Quando a
psicanálise atingiu o auge de sua influência cultural na década de 80 do século
passado, acostumamo-nos a fazer leituras a partir do pensamento freudiano de
toda manifestação, política, social, econômica, cultural e que mais.
Desde então a psicanálise
tem perdido prestígio como chave universal de interpretação, até por sua
empáfia e arrogância de supersaber e fragilidade teórica, já que o próprio
Freud sempre a entendeu como um saber inacabado e provisório.
É surpreendente ver
aqui e acolá, o renascimento destas interpretações ingênuas e tendenciosas
travestidas de saber psicanalítico, expostos de maneira simplista e propagandistas
de um saber pseudo-“auto-evidente”!
João Pereira
Coutinho fez, na terça-feira, na Folha de São Paulo de 14 de março uma análise
breve, inteligente e perspicaz do belíssimo filme de Martin Scorsese, “Silêncio”.
O que mais nos chama a atenção é que o silêncio que dá nome ao filme é chave
para múltiplas interpretações, começando pela falta de trilha sonora, o que
transfere para o destinatário da obra cinematográfica, àquele que assiste,
trabalhar de forma crua os sentimento, as vivências do que se passa na película.
É impressionante a força dramatúrgica e o envolvimento da plateia com o que se
passa.
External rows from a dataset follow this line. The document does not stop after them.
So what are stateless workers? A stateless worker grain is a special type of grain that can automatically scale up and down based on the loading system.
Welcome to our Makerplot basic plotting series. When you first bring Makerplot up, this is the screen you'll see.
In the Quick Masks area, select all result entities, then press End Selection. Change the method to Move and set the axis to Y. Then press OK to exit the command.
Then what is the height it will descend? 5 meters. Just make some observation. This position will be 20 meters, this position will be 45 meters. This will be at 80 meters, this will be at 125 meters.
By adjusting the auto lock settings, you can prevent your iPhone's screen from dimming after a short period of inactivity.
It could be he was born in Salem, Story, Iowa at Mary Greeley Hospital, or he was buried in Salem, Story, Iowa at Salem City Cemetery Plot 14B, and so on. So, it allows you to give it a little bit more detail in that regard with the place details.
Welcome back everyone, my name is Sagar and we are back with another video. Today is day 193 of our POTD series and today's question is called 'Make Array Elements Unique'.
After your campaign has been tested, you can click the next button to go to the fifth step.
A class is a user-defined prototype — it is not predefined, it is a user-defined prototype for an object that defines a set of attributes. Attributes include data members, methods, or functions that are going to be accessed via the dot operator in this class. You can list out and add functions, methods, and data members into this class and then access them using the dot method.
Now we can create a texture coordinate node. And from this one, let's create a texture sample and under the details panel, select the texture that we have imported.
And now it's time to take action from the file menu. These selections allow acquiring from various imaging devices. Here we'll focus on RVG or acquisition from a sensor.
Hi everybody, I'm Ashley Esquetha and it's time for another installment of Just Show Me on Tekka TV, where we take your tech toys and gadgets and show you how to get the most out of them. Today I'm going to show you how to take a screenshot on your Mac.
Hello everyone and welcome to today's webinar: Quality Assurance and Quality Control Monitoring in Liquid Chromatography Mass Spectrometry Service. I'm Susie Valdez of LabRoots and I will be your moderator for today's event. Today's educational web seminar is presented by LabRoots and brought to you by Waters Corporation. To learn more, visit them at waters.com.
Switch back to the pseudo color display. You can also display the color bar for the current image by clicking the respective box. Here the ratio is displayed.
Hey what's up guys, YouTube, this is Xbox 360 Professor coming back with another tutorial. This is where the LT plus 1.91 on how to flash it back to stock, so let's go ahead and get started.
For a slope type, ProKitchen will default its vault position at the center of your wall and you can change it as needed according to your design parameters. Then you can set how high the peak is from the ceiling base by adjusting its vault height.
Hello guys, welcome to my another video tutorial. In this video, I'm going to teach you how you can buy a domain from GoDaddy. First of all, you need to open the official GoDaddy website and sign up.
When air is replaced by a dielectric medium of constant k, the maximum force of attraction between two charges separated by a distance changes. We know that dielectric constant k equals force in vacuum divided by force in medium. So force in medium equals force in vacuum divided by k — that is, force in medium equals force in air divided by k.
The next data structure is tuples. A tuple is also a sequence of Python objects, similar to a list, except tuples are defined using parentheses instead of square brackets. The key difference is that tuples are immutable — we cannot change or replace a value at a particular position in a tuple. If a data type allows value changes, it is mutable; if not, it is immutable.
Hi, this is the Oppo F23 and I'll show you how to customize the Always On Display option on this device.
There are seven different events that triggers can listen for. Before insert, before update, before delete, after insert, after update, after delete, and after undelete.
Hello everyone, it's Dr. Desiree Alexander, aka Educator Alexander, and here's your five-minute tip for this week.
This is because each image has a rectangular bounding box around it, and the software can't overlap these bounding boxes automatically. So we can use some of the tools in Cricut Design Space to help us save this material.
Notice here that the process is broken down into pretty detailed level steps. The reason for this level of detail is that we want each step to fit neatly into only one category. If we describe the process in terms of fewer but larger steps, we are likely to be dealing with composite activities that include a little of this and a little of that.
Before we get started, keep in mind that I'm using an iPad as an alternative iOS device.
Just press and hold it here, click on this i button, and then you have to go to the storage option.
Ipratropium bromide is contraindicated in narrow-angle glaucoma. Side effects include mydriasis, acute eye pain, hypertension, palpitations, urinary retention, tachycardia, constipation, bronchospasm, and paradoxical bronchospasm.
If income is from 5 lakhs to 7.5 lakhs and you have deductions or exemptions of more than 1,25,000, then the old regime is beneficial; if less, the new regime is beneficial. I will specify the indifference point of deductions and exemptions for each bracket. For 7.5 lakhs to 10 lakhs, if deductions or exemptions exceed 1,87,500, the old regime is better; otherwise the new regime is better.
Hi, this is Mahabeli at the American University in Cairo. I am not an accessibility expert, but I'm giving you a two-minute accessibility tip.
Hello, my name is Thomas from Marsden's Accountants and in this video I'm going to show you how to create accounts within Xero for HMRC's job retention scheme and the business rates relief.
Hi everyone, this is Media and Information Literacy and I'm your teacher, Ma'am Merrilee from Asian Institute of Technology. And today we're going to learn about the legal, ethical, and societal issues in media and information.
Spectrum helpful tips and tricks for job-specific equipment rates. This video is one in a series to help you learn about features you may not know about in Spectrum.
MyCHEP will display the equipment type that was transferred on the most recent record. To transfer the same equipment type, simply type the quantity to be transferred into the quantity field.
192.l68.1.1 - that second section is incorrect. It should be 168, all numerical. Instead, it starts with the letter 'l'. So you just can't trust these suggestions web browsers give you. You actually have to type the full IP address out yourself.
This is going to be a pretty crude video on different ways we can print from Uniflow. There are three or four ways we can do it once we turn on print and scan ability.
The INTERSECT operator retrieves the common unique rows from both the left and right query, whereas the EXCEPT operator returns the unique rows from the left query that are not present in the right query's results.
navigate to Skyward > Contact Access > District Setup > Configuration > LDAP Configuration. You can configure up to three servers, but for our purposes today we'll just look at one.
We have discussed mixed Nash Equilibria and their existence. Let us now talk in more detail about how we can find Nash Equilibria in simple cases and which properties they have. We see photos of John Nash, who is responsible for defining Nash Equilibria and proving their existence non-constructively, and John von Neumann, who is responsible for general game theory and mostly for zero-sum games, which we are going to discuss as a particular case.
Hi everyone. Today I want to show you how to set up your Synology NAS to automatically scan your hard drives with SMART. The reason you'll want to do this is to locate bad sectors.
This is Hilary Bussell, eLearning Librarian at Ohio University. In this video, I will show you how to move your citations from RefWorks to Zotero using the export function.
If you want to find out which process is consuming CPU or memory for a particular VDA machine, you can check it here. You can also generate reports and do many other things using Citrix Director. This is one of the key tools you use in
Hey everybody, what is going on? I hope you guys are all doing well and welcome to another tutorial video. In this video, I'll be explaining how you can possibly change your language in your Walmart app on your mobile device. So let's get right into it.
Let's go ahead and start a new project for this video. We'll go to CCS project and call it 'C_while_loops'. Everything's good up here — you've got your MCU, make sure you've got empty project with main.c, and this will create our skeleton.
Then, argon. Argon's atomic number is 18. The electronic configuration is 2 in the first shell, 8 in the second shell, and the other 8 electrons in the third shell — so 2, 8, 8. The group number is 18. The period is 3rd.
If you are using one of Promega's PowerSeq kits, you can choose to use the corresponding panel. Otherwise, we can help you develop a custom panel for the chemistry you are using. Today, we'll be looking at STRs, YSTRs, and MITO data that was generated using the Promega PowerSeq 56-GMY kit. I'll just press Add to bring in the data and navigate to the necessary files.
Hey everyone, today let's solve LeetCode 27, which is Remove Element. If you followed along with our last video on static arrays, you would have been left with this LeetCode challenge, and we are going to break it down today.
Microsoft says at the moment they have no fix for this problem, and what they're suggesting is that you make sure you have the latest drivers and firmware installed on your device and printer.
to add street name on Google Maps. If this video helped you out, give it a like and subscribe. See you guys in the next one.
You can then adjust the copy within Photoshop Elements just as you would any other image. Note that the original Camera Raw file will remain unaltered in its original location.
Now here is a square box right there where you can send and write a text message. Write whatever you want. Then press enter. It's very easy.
É questionador, é ambíguo, faz-nos viver tão intensamente a devoção dos
cristãos das terras japonesas, quanto o desalento e a morte espiritual de
Ferreira.
O florescimento do
cristianismo no Japão pelos missionários japoneses foi uma aventura imensa de
fé, uma afirmativa resposta ao chamado bíblico do Senhor de levar a verdade que
animava os discípulos de Loyola a todos os cantos da humanidade, uma bela
demonstração da universalidade do cristianismo, de sua força moral e
vitalidade.
A reação do xogum
em 1614 é antes de tudo uma reação política, porque o estado japonês do século
XVII ainda está na fase da legitimação religiosa do poder e, enquanto o
cristianismo ocidental transfere o poder religioso para um Deus para além dos
homens, o budismo ateu torna a hierarquia empedernida e representativa de
classe imune a reformas sociais e ao direito dos mais pobres.
O sucesso do
cristianismo no ocidente, bem como o operado no Japão medieval está em sua
mensagem revolucionária a favor do pobre, do desvalido, daquele que tem que se
esconder para professar a fé da igualdade e do valor distinto do humano.
Calligaris, que rebate a análise em 16 de março na ilustrada da Folha, comete
muitas impropriedades em sua crítica ao filme e à análise de Coutinho. Em
primeiro lugar, esqueceu de falar da
obra que foi resgatada pelo cineasta e pela genialidade de construção de uma expressão
de arte visual.
Segundo que a
história não tem “ses”. Não podemos esquecer que o budismo também não era autóctone
do Japão, era flor exótica tanto quanto o cristianismo. Terceiro que as guerras
religiosas na Europa se davam entre príncipes que buscavam subverter a ordem
medieval da ideia de Império, e eram consequências da própria forma de pensar o
cristianismo, como igualdade, como possibilidade de várias chaves
interpretativas.
Por fim e mais
grave, como psicanalista, não conseguiu perceber o drama de Ferreira que se
acovarda e então comete a apostasia e de Rodrigues que imola sua fé para salvar
os japoneses que professavam o cristianismo, tal qual Judas fez ao cumprir o
seu desígnio na economia da salvação.
Dizer que “Silêncio”,
obra escrita por um japonês católico interpretando a história do cristianismo
no Japão nos séculos XVI e XVII é uma obra inverossímil é o mesmo que dizer que
Interpretação dos Sonhos de Freud é uma obra igualmente inverossímil para a
neurociência do século XXI. Deixou de apreciar a beleza literária de uma forma
de entender a história, colocou filtros preconceituosos e pretensamente “politicamente”
corretos para interpretar uma obra que muito provavelmente não leu.
Calligaris fala de
Ferreira no século XVII como fala de si mesmo, interpreta as dores e as dúvidas
de um jesuíta do início da idade moderna com os valores morais, sociais e
culturais de um psicanalista do século XX. Confunde-se com o analisado,
atribuí-lhe as suas fraquezas e por fim, desconstrói a história deixando no
lugar uma "psicanalhice" pobre e enviesada.
Ler o livro, assistir
o filme e vislumbrar a dimensão do sofrimento humano tornam a obra visual e a
literária dois grandes momentos de magia que não se confundem com restaurantes
e antiquários kitshs de Nova York, Londre ou Paris!